Study material:

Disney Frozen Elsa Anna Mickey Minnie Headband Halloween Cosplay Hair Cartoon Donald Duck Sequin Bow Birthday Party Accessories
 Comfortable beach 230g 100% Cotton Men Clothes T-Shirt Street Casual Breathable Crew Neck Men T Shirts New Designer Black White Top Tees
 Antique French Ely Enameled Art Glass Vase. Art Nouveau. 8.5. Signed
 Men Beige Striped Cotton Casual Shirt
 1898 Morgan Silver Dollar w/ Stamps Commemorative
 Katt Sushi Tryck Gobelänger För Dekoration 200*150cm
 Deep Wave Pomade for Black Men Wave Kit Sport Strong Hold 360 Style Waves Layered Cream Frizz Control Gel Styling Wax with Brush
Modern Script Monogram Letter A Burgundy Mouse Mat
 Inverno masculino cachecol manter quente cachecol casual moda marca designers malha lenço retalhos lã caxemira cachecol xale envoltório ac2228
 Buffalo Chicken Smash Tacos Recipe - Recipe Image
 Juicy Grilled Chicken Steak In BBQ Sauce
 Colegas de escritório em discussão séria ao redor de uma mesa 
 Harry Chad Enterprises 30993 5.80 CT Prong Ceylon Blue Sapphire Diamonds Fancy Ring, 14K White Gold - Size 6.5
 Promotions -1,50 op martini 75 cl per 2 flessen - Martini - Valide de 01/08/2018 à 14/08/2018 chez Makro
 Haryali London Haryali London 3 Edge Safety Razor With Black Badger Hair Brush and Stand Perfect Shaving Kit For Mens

The task:
What are the lines above, starting at the one with "Buffalo Chicken Smash" and ending at the one with "Harry Chad Enterprises"? Give them again exactly, and only them.

Solution for this problem:
 Buffalo Chicken Smash Tacos Recipe - Recipe Image
 Juicy Grilled Chicken Steak In BBQ Sauce
 Colegas de escritório em discussão séria ao redor de uma mesa 
 Harry Chad Enterprises 30993 5.80 CT Prong Ceylon Blue Sapphire Diamonds Fancy Ring, 14K White Gold - Size 6.5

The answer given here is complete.